Ao longo das décadas seguintes, houve um processo de ampliação do teletrabalho. Os avanços das telecomunicações e seus dispositivos eletrônicos possibilitaram a intensificação dos centros de teletrabalho (call centers), impulsionada pela capacidade de realizar tarefas remotamente, conectando-se a sistemas e clientes por meio de redes de comunicação avançadas. Esses avanços também permitiram uma maior flexibilidade para os trabalhadores, por meio do trabalho itinerante e do trabalho móvel, em profissionais se deslocam regularmente entre diferentes locais, como clientes, escritórios remotos ou diferentes filiais da organização e as tarefas profissionais são realizadas por meio de dispositivos móveis, como laptops, tablets e smartphones (Athanasiadou & Theriou 2021; Figueiredo et al., 2021).

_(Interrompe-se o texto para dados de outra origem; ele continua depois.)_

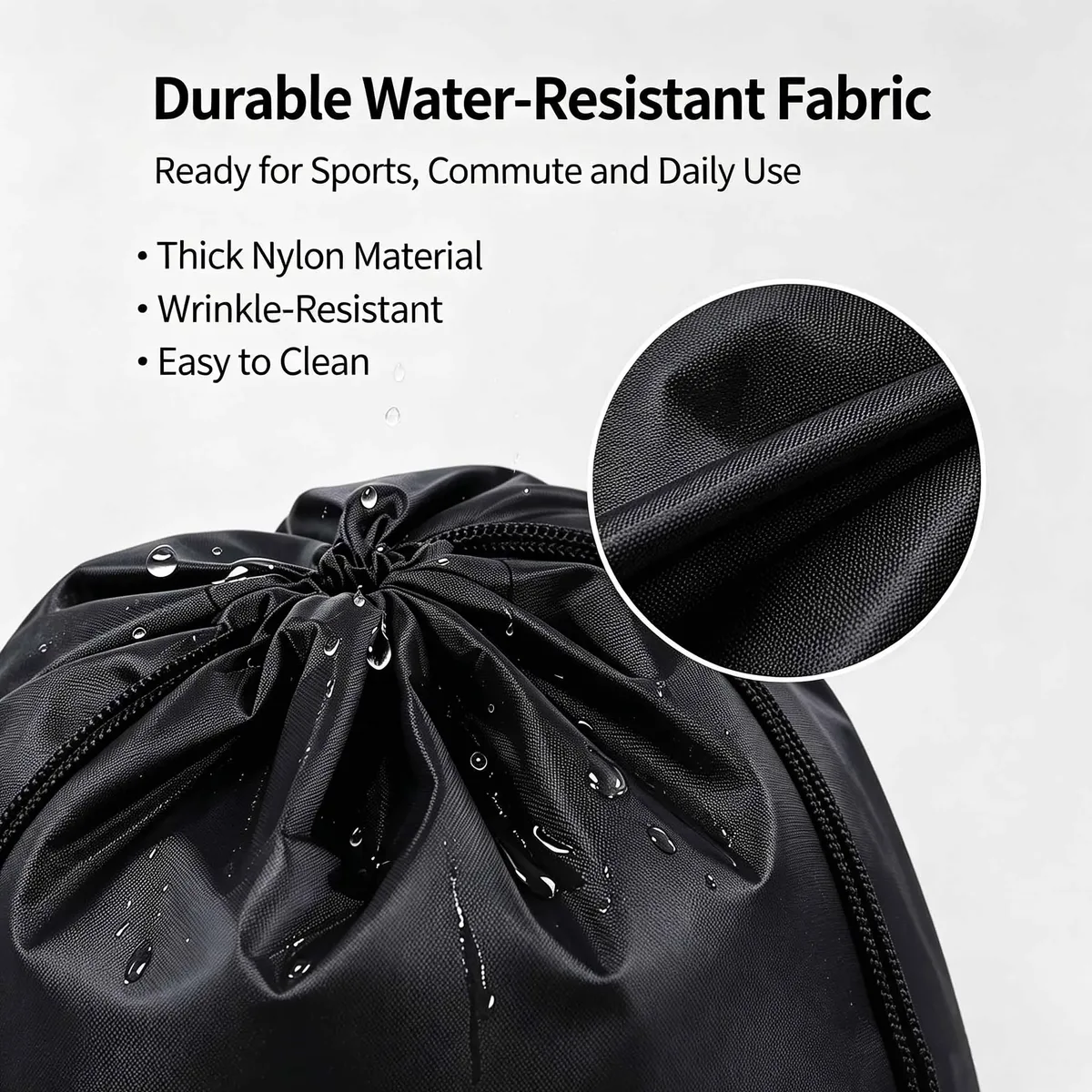 sac de rangement pliable multi-pièces, sac à cordon, pour sports de plein air, événements de marathon, sac à dos de voyage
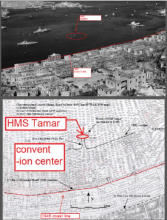 HMS Tamar Wreck site [1941-????]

A pandemia de COVID-19, disseminada acentuadamente entre os anos de 2020 e 2022, acelerou significativamente a adoção do trabalho flexível nas organizações e nos empreendimentos individuais. Com as medidas de isolamento e distanciamento social, trabalho remoto (em qualquer lugar, à distância) e o home office (no ambiente doméstico) passaram a representar uma necessidade de sobrevivência e adaptação à nova realidade do mundo do trabalho. Além disso, o cenário da pandemia acelerou a aceitação do trabalho flexível em diversos setores e a necessidade de aperfeiçoamento de habilidades técnicas para lidar com processos informatizados e linguagem digital (Rymaniak et al., 2021).

Nesse contexto, observam-se novas formas de produção e comercialização de produtos e serviços diretamente de ambientes computadorizados para o ciberespaço, com reflexos importante sobre o tempo e os esforços dispendidos pelas pessoas. Alguns processos de trabalho, denominados de “trabalho coletivo”, “colaborativos” ou, ainda “microtrabalhos”, envolvem atividades fragmentadas, mas interconectadas (por dispositivos eletrônicos, plataformas e aplicativos), que mobilizam trabalhadores com diferentes perfis profissionais e remunerados das mais diferentes formas.

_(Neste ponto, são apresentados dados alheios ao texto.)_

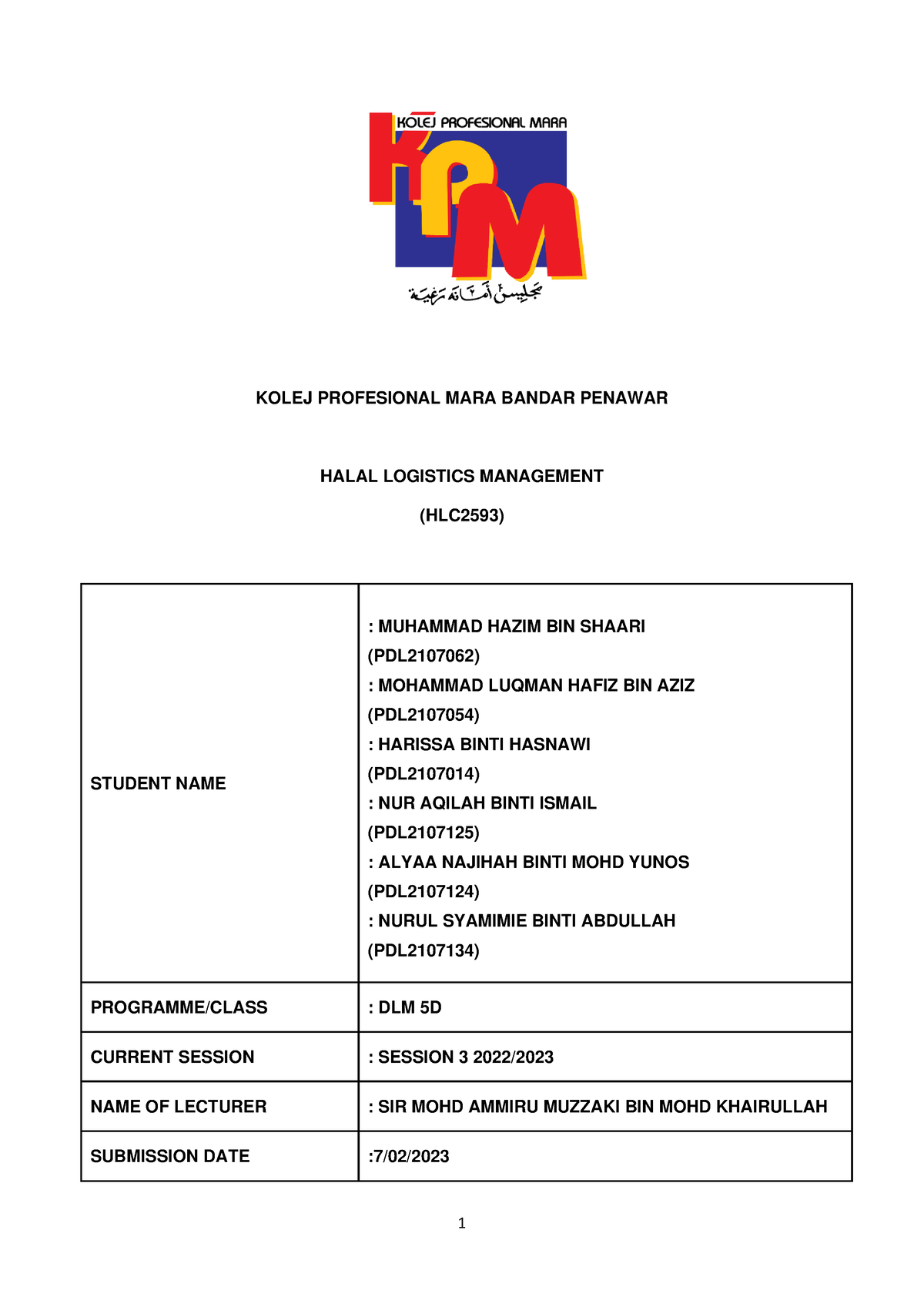 is assignment work halal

Há que se avaliar, contudo, se essas mudanças incluem uma tendência cada vez maior a trabalhos precarizados, com menor capacidade para gerar laços culturais significativos entre os trabalhadores e deles com as empresas (Cherry, 2016; Strunk & Strich, 2023). Cherry (2016) salienta a necessidade de prestar a atenção a esses processos de mudança, seja do ponto de vista social ou jurídico, no sentido identificar se não estão sendo gerados novos “padrões trabalhistas tayloristas online”.

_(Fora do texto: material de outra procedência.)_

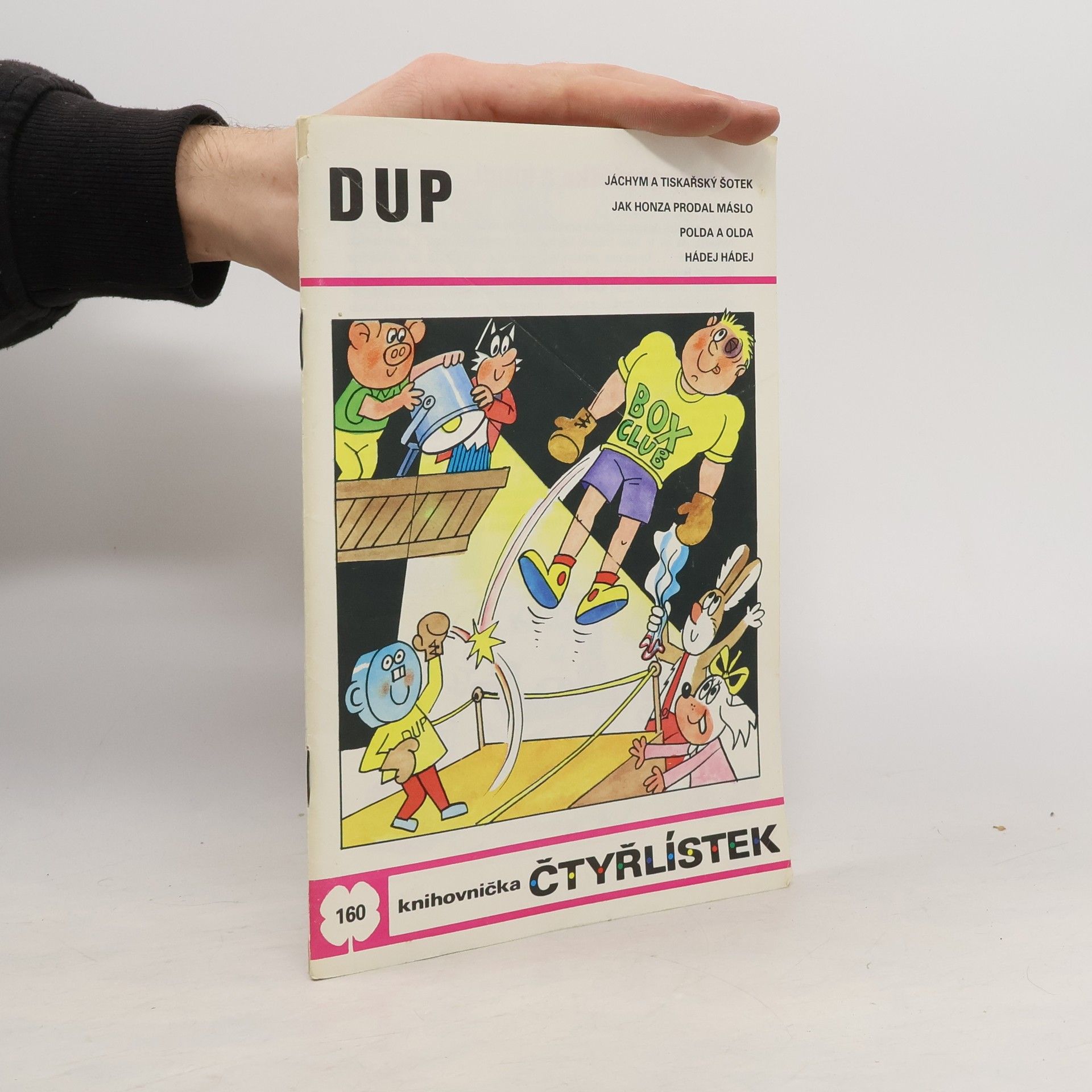 Jaroslav Němeček Čtyřlístek 160. Dup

A possibilidade de acessar informações e realizar tarefas, em qualquer lugar e momento, revolucionou os conceitos tradicionais de local e desenho do trabalho, impulsionando o trabalho na modalidade remota, seja ele realizado de forma ocasional, parcial ou integral, com base nas necessidades das organizações ou nas características do empreendimento econômico (Athanasiadou & Theriou 2021). Nesse cenário, trabalhadores autônomos ou independentes se beneficiam da flexibilidade e da digitalização do trabalho e, de certa, maneira, ganharam uma certa autonomia na autogestão do processo de trabalho (Li et al., 2020). Por outro lado, avalia-se que, as mudanças nos arranjos de trabalho fora do contexto organizacional ou locais de trabalho têm contribuído negativamente na dinâmica do desenvolvimento profissional, nas trocas de experiências e no acesso às estruturas e serviços de apoio das organizações (Stefano, 2016; Taylor & Joshi, 2019).

As relações entre a transformação digital e flexibilidade no trabalho e suas repercussões no comportamento humano nos ambientes de trabalho permanecem em pauta. No contexto da Psicologia das Organizações e do Trabalho, a avaliação e interpretação dessas relações impactos são recentes, ainda que permeada de contribuições sobre os impactos das mudanças tecnológicas no desenvolvimento de competências técnicas e na saúde mental dos trabalhadores, na gestão de equipes remotas e nas estratégias para lidar com mudanças organizacionais.